━━━ RECORDED DATA

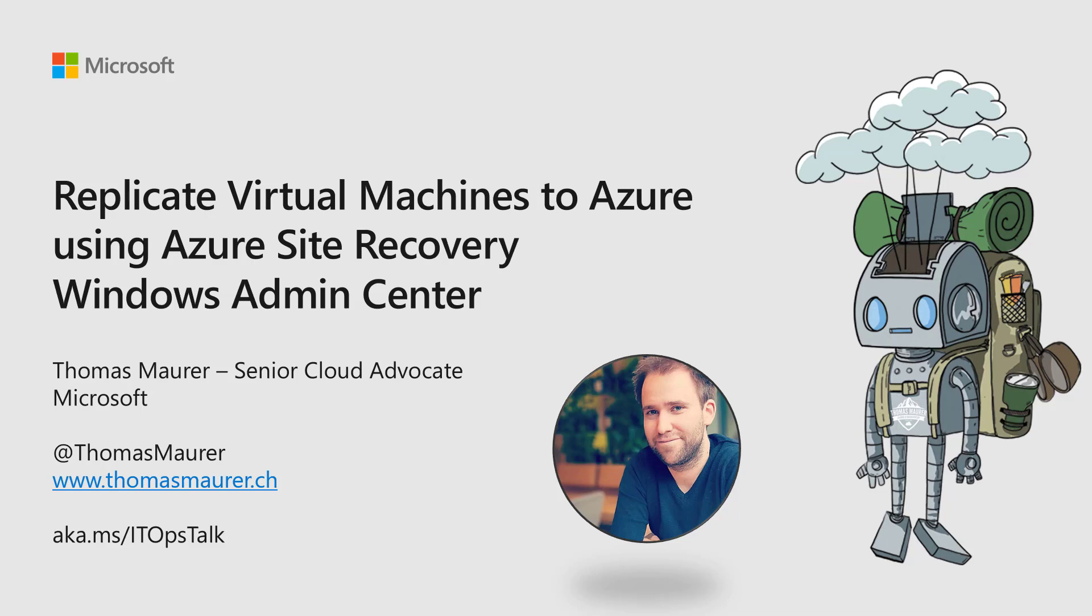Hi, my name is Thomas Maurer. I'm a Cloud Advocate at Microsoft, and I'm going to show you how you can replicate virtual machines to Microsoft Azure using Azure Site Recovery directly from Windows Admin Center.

━━━━━━
━━━ RECORDED DATA

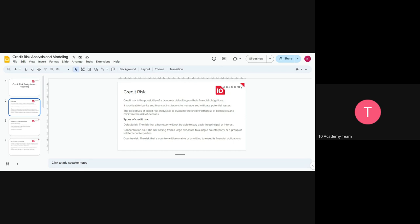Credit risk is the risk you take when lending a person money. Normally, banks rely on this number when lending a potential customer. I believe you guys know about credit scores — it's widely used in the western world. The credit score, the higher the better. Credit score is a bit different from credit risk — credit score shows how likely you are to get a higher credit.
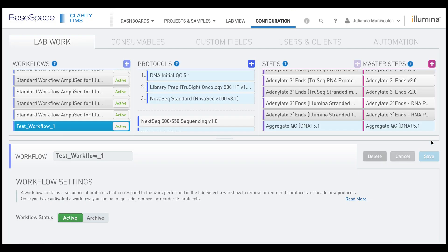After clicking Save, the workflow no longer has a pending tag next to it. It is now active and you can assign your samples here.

━━━━━━

### INSTRUCTIONS TO FOLLOW
From the listing above, please give again the lines that begin with the line holding "Credit risk is" and go on through the line holding "After clicking Save, the", exactly, both ends included, minus any picture.

### EXPECTED ANSWER
Credit risk is the risk you take when lending a person money. Normally, banks rely on this number when lending a potential customer. I believe you guys know about credit scores — it's widely used in the western world. The credit score, the higher the better. Credit score is a bit different from credit risk — credit score shows how likely you are to get a higher credit.
After clicking Save, the workflow no longer has a pending tag next to it. It is now active and you can assign your samples here.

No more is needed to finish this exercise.